In June 1941 the AVG consisted of 100 pilots and 150 mechanics. The following month the AVG was allotted 269 new fighters and 66 bombers and a scheme was considered to extend the AVG to a second group equipped with Hudson bombers, though the entry of the US into the war after Pearl Harbor preempted this.
In 1937 the Chinese Navy was very small by Western standards and totaled 59 vessels. The largest vessel were six light cruisers, none of which exceeded 3600 tons. Supporting these were 30 gunboats and a miscellaneous collection of 23 gunboats, sloops and transport vessels.
Most of these were sunk in the Yangtze, at Shanghai, Tsingtao and Canton during the Japanese attacks of 1937 and fell easy victim to Japanese bombing and artillery fire. Some vessels that were beached were salvaged and repaired by the Japanese, but for all intents and purposes the Chinese Navy had ceased to exist.
In north China, the communist forces of Mao Tse-tung were the main opponents of the Japanese. Like the Nationalists, however, they preferred to maintain a low level of operations, saving themselves for the coming struggle for the control of China. After Pearl Harbor, they decided that Japanese defeat was inevitable, and in any case the major communist offensive of the war, the ‘Hundred Regiments Campaign’ of 1940, had been very costly.

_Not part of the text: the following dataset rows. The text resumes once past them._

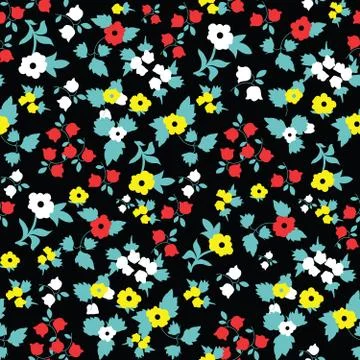 Floral seamless cute pattern in small pretty flower. Stock Illustration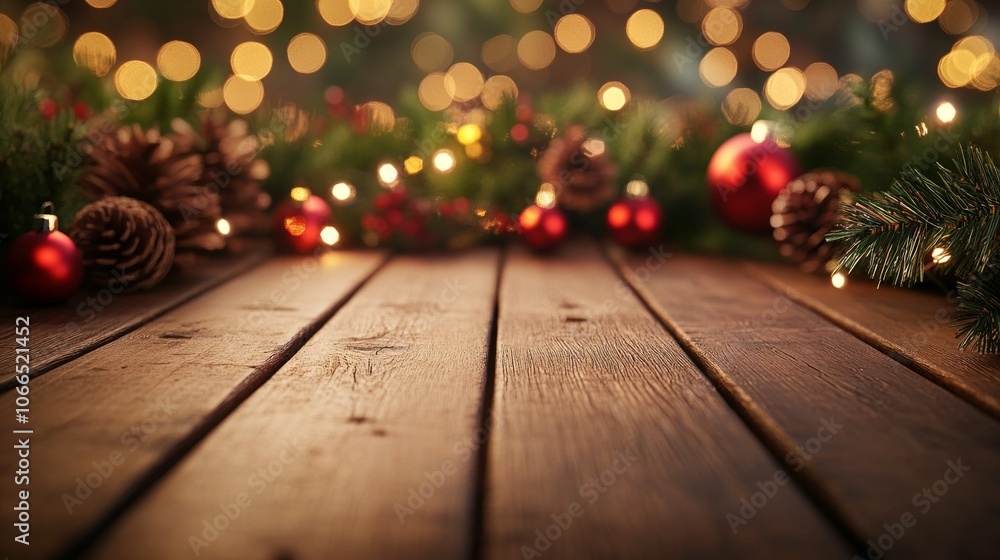 Empty Wooden Table with Christmas Tree Decorations and Lights in Background Empty Wooden Table with Christmas Tree Decorations and Lights in Background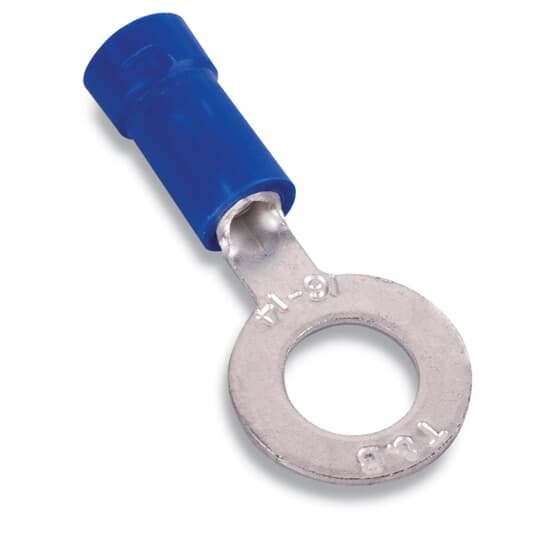 Vinyl-Insulated Ring Terminal, Length .97 Inches, Width .31 Inches, Maximum Insulation .200, Bolt Hole #8, Wire Range #18-#14 AWG, Color Blue, Copper, Tin Plated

After the losses of the Long March, communist forces had begun operations against Nationalists from their new base in Yenan in 1936, but in 1937 a truce was patched up to meet the Japanese menace, and the three communist Front Armies under Chu Teh were designated the 8th Route Army; this had an official strength of 45,000 men but was probably 80,000 strong, including guerrillas.
The basic organization was quite standard: three squads (each of 10 to 16 men) made up a platoon, three platoons a company (with its administrative troops about 120 men strong); three companies a battalion; three battalions a regiment; three regiments a division and three divisions an army. Support weapons were whatever was available, and the communist forces were woefully lacking in machine guns and artillery.
The cohesion of this ill-equipped army was enormous, however. Often short of equipment and heavy armament, the communists made up for this with the discipline of their organization.
References and literature
The Armed Forces of World War II (Andrew Mollo)
World War II – A Statistical Survey (John Ellis)
The Chinese Army 1937-49, World War II and Civil War (Philip Jowett)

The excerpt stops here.